## Extracted data entries
-=-=-
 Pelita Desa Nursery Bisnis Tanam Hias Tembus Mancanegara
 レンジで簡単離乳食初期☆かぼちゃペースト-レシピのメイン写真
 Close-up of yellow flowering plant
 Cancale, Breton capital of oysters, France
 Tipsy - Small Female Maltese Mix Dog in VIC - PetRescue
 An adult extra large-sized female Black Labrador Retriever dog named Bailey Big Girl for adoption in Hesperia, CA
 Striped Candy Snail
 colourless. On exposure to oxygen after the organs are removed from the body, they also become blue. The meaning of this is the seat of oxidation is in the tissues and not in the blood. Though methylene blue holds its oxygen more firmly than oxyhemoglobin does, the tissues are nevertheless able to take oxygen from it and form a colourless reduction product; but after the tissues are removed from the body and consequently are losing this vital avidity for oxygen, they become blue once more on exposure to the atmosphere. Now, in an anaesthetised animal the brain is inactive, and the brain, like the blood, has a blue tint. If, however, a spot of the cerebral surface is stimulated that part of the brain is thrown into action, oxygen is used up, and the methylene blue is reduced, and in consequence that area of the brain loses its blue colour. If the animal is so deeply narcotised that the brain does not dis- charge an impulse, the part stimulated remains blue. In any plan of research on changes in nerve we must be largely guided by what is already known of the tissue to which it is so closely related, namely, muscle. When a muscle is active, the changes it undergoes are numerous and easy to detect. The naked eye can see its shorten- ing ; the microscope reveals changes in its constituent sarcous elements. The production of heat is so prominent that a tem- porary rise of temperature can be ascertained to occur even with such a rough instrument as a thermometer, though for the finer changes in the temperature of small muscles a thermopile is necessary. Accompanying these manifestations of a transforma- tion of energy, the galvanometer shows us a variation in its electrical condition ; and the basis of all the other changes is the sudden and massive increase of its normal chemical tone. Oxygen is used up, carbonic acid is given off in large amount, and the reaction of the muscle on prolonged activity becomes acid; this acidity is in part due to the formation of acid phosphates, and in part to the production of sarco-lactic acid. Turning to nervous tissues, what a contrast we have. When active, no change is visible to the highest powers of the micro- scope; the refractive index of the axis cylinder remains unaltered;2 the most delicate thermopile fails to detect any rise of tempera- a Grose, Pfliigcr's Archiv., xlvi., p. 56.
-=-=-
What is needed is an exact repetition of the lines from the first line of the records through the line containing "Striped Candy Snail", both ends included, and nothing more.

 Pelita Desa Nursery Bisnis Tanam Hias Tembus Mancanegara
 レンジで簡単離乳食初期☆かぼちゃペースト-レシピのメイン写真
 Close-up of yellow flowering plant
 Cancale, Breton capital of oysters, France
 Tipsy - Small Female Maltese Mix Dog in VIC - PetRescue
 An adult extra large-sized female Black Labrador Retriever dog named Bailey Big Girl for adoption in Hesperia, CA
 Striped Candy Snail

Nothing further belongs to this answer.